[Python-Dev] PEP 461 Final?

Ethan Furman ethan at stoneleaf.us
Mon Jan 20 07:15:24 CET 2014


On 01/19/2014 06:56 PM, Stephen J. Turnbull wrote:
> Ethan Furman writes:
>
>> Well, that means that this PEP just further strengthens the notion
>> that format is for text (as then a custom numeric type could easily
>> override the display even for :d, :h, etc.) and % is for bytes
>> (where such glyphs are not natively representable anyway).
>
> This argument is specious.

I don't think so.  I think it's a good argument for the future of Python code.  Mind you, I should probably have said % 
is primarily for bytes, or even more useful for bytes than for text.  The idea being that true text fun stuff requires 
format, while bytes can only use % for easy formatting.

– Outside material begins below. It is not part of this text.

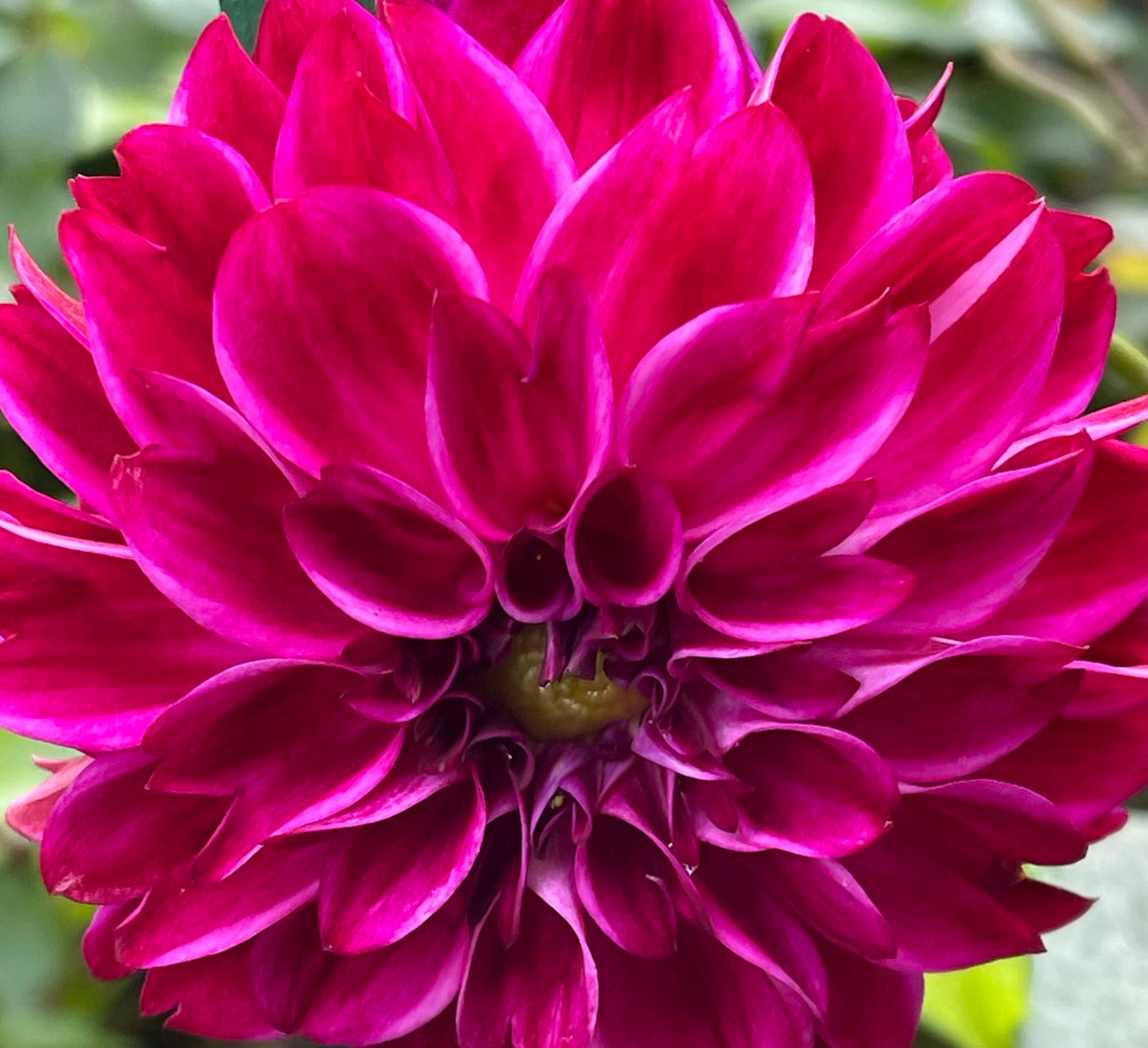 Camano Phantom Dahlia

> Alternative numeric characters [are] just as representable as the ASCII
> digits are, and in the same way (by defining a bytes <-> str mapping,
> aka codec).  The problem is not that they're non-representable, it's
> that they're non-ASCII, and the numeric format codes implicitly
> specify the ASCII numerals when in text as well as when in bytes.

Certainly.  And you can't change that either.  Oh, wait, you can!  Define your own!

     class LocalNum(int):
         "displays d, i, and u codes in local language"

         def __format__(self, fmt):
             # do the fancy stuff so the characters are not ASCII, but whatever
             # is local here

Then you could have your text /and/ your numbers be in your own language.  But you can't get that using % unless you 
always call a custom function and use %s.


> (Note
> that "'{:d}'.format(True)" -> '1' works because True *is* an int and so
> can be d-formatted in principle.  It's not an exceptional case.  It's
> a different issue from what you're talking about here.)

"'{:d}'.format(True)" is not exceptional, you're right.  But "'%d' % True" is, and was singled-out in the unicode 
display code to print as '1' and not as 'True'.  (Now all int subclasses behave this way (in 3.4 anyways).)

And I think it's the same issue, or at least closely related.  If you create a custom number type with the intention of 
displaying them in the local lingo, you have to use __format__ because % is hard coded to yield digits that map to ASCII.


> These PEPs provide a crutch for such crippled software, allowing them
> to hobble into the House of Python 3.

Very picturesque.

> That's obvious, so please don't try to obfuscate it; just declare
>  "consenting adults" and move on.

Lots of features can be abused.  That doesn't mean we shouldn't talk about the intended use cases and encourage those.